PROBLEM TO WORK ON:
Return only the stretch of the material below that begins with the line containing "2017 NISSAN MAXIMA 3.5 PLATINUM 9" and ends with the line containing "Space Nebula Flight", exactly; both of those lines belong to it.

ENTRIES SUPPLIED:
==========

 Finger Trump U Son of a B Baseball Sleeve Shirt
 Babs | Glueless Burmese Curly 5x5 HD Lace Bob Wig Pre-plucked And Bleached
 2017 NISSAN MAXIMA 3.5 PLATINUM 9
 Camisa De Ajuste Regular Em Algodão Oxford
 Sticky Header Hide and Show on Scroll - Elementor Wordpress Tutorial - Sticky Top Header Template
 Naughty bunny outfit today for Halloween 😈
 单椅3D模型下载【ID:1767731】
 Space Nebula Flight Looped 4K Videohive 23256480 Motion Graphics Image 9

==========

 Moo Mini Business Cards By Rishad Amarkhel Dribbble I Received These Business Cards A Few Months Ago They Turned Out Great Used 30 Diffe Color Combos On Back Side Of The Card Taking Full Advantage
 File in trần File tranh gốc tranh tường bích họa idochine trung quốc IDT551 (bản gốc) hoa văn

==========

EXERCISE OUTPUT:
 2017 NISSAN MAXIMA 3.5 PLATINUM 9
 Camisa De Ajuste Regular Em Algodão Oxford
 Sticky Header Hide and Show on Scroll - Elementor Wordpress Tutorial - Sticky Top Header Template
 Naughty bunny outfit today for Halloween 😈
 单椅3D模型下载【ID:1767731】
 Space Nebula Flight Looped 4K Videohive 23256480 Motion Graphics Image 9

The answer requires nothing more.